Las acusaciones del sindicato
Según explican, hace tres días varios integrantes de una empresa de “Contraocupación” difundieron en redes sociales que los habitantes de la vivienda habían firmado un documento para abandonar su domicilio. El sindicato afirma que “todas sabemos cómo funcionan estas empresas”, que a su entender actúan en grupo —“de tres a seis hombres con actitud intimidatoria”— y presentan “papeles estándar” con apariencia de legalidad pero que, según subrayan, constituyen “coacción y acoso”.
El Sindicat de Vivenda sostiene que las personas más vulnerables, por miedo o desconocimiento de sus derechos, pueden firmar documentos que “no tienen ninguna validez real”. A juicio de la entidad, el objetivo de estas empresas es “forzar salidas rápidas e invisibles” para evitar procesos judiciales garantistas a propietarios y fondos.
Llamamiento vecinal
La organización asegura que este martes estará en la puerta del edificio para informar a las personas afectadas de que “no están solas”, que los documentos “no valen nada” y que “ninguna firma arrancada bajo intimidación puede legitimar que las echen de su hogar”. Afirman además que su intención es “frenar cualquier intento de desalojo”.

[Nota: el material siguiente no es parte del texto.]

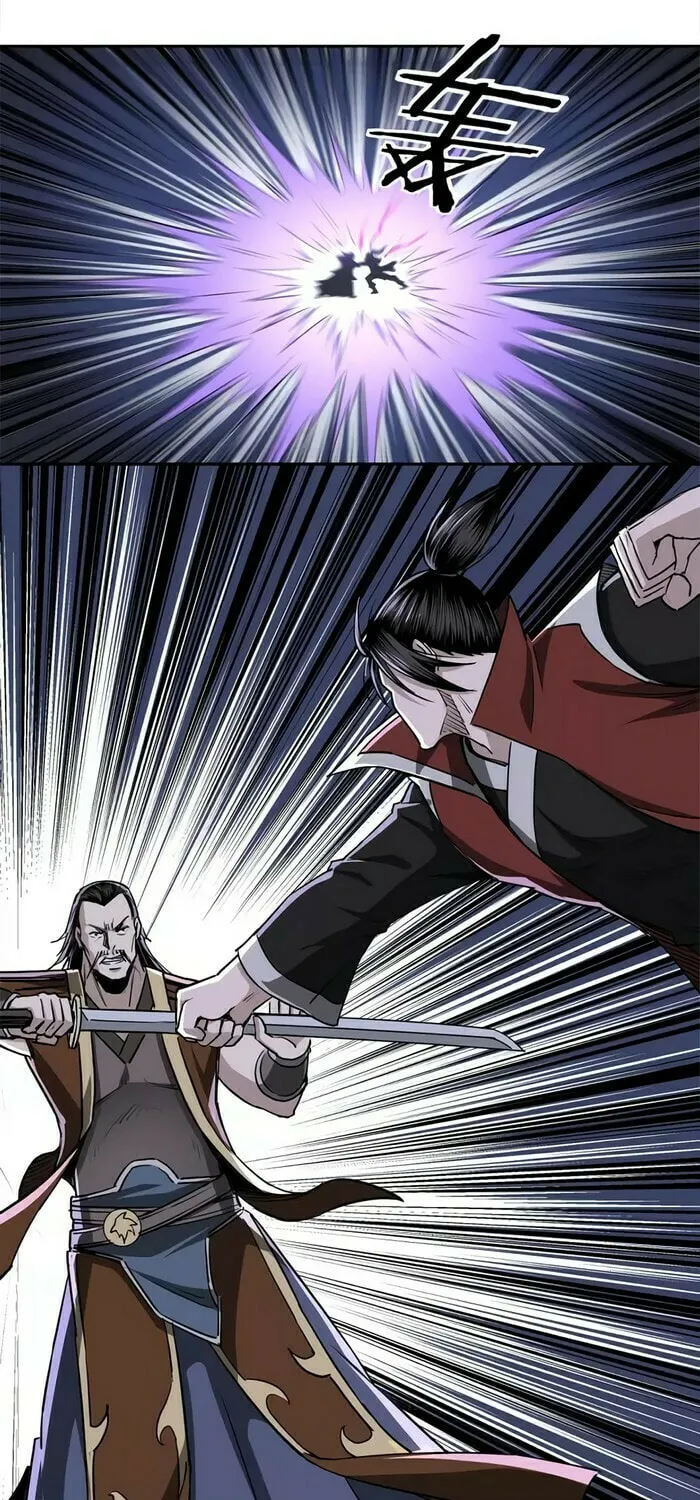 Greatest Boss System Chapter 29 page 13 -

El colectivo denuncia que la presencia de estas empresas en los barrios supone “una verdadera amenaza para la seguridad del vecindario”, al considerar que normalizan “la violencia, el racismo y el machismo” con el fin de proteger intereses privados. Recuerdan también un episodio ocurrido el año pasado en la calle Jazmín, donde, según aseguran, se produjeron agresiones contra miembros del Sindicat de Carolines.
Contexto de vivienda en el barrio
Desde la organización insisten en que las familias son expulsadas de sus barrios para permitir la especulación con las viviendas, el aumento de los alquileres o la conversión de los inmuebles en apartamentos turísticos de corta estancia. Según denuncian, esta situación empuja a muchas personas a vivir temporalmente en casas de amistades o familiares, o incluso a quedarse a la intemperie.
El llamamiento del sindicato concluye pidiendo apoyo vecinal para “enfrentar colectivamente a estos matones” y demostrar que “aquí no mandan las mafias inmobiliarias, sino las vecinas organizadas”. A su juicio, defender las viviendas del barrio es defender “la seguridad” y “el derecho a seguir viviendo en nuestros barrios”.